- [GOAL OF THE EXERCISE]: Within the lines below, the span from the line with "Best Western Plus" to the line with "Thumbnail: 2019 Toyota Highlander - 13", both ends included, is to be reproduced exactly, with pictures omitted.
--- DATA LISTING Enclosed Below ---
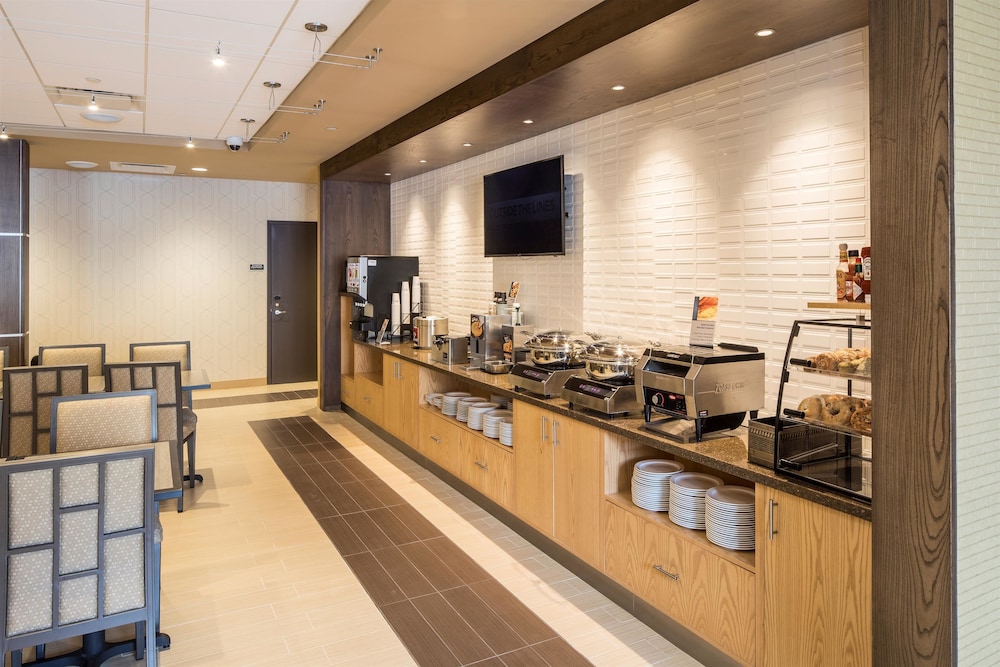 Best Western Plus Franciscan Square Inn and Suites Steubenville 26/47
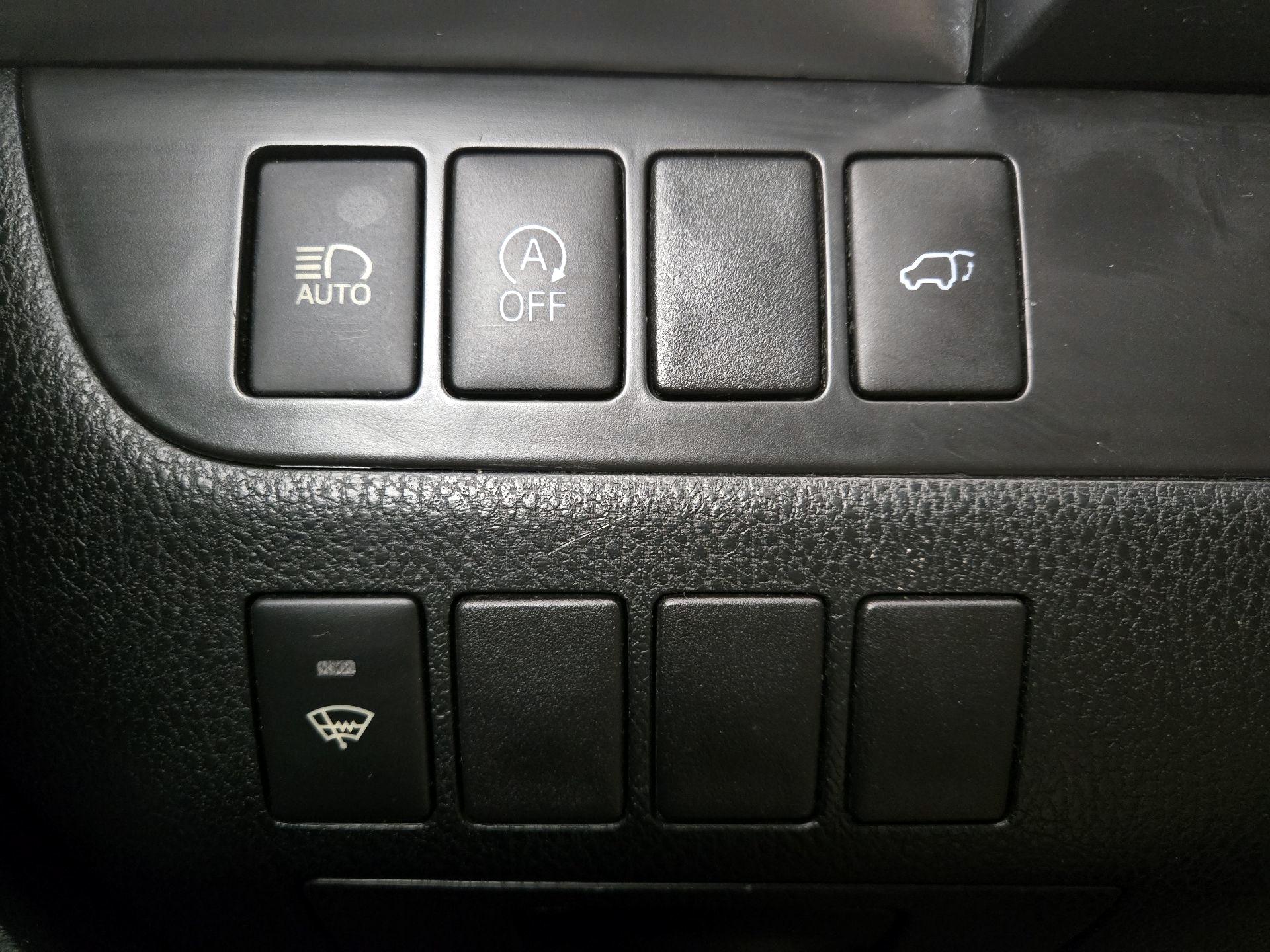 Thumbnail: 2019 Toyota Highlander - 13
--- End of Enclosed DATA LISTING ---
--- DATA LISTING Enclosed Below ---
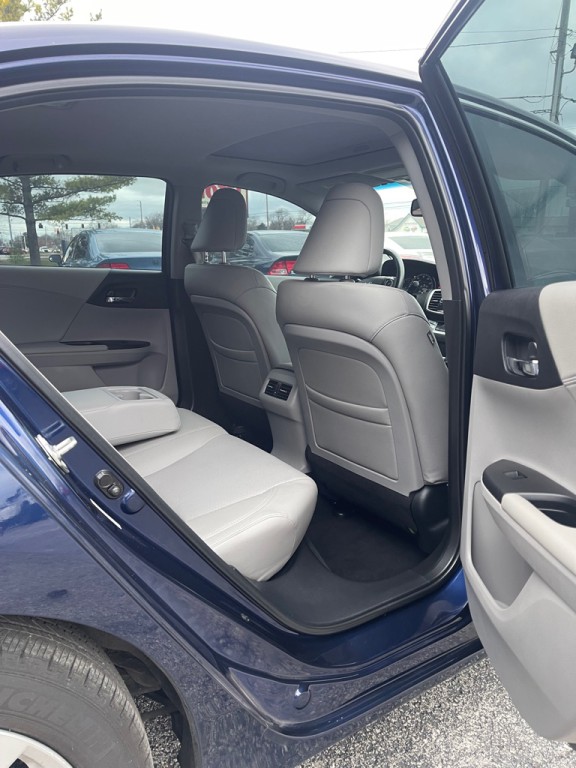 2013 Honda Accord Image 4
--- End of Enclosed DATA LISTING ---
- [OUTPUT BELOW]:
 Best Western Plus Franciscan Square Inn and Suites Steubenville 26/47
 Thumbnail: 2019 Toyota Highlander - 13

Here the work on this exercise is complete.